How To Quote Sources In Research Papers
The idea behind using the exact words of another person or other people in academic or scientific writing is that those words contribute to your argument. They may support or contradict your methods, results or conclusions; they may be selected from a text or texts that you analyse in detail; they may be exemplary, pithy or perfect expressions of ideas you introduce and discuss. Whatever your reasons for quoting the words of others in your own writing are, you need to quote them with the utmost accurately and observe with precision and consistency the appropriate scholarly techniques for quoting sources.

Accuracy while quoting the words of another author or speaker is a matter of care and attention when initially adding the information to your own writing and again when checking it against the original, which should be done more than once with more than one set of eyes if possible. Errors creep into quoted material with alarming frequency, so it is wise never to assume that quotations are correct. If you make errors, you are not only compromising your work, but also misrepresenting the author you are quoting. Whether you agree or not with what he or she wrote or said is irrelevant, but recording quotations inaccurately and arguing your case on the basis of erroneous information is unethical and unprofessional and it can certainly undermine the very argument you intend to support.

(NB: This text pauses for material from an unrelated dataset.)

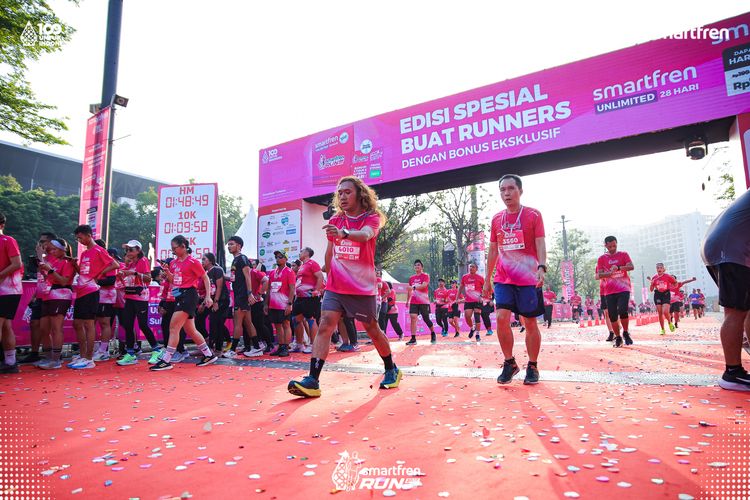 Race photo from Smartfren Run 2025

Whenever material is directly quoted from a source, the text must be formatted in such a way that it is clear to the reader exactly which words are borrowed. When quotations are short and embedded in your main text, they should appear in the font size you are using for your own prose and must be enclosed in quotation marks. Single (‘’) or double (“”) quotation marks will work, with the guidelines you are following or your personal preference the determining factor, but the same type must be used for every direct quotation. The other type can then be used for any quotations that appear within quoted material – double marks within single ones and single within double – and these, too, must be used consistently in every relevant instance.

Longer prose quotations or quotations from poetry are usually set off as block quotations, generally with indentation, at least on the left margin, and often in a slighter smaller font than the main text of a document. In such cases, no quotation marks are necessary because the block format indicates which words are borrowed. Whether you are using quotation marks or block quotation, remember that italic font is not a correct format for indicating quoted material in academic and scientific writing in the English language. Italics should therefore only be used when and where the author you are quoting used them or when you wish to emphasise certain words within a quotation, in which case the italics should be acknowledged as added by the quoting author.

Finally, every quotation should be accompanied by a reference to the source, usually in the style indicated by the author instructions of the anticipated publisher. Whether that reference is parenthetical, numerical or included in a footnote or endnote, a page number indicating exactly where the reader can find the quotation should be included.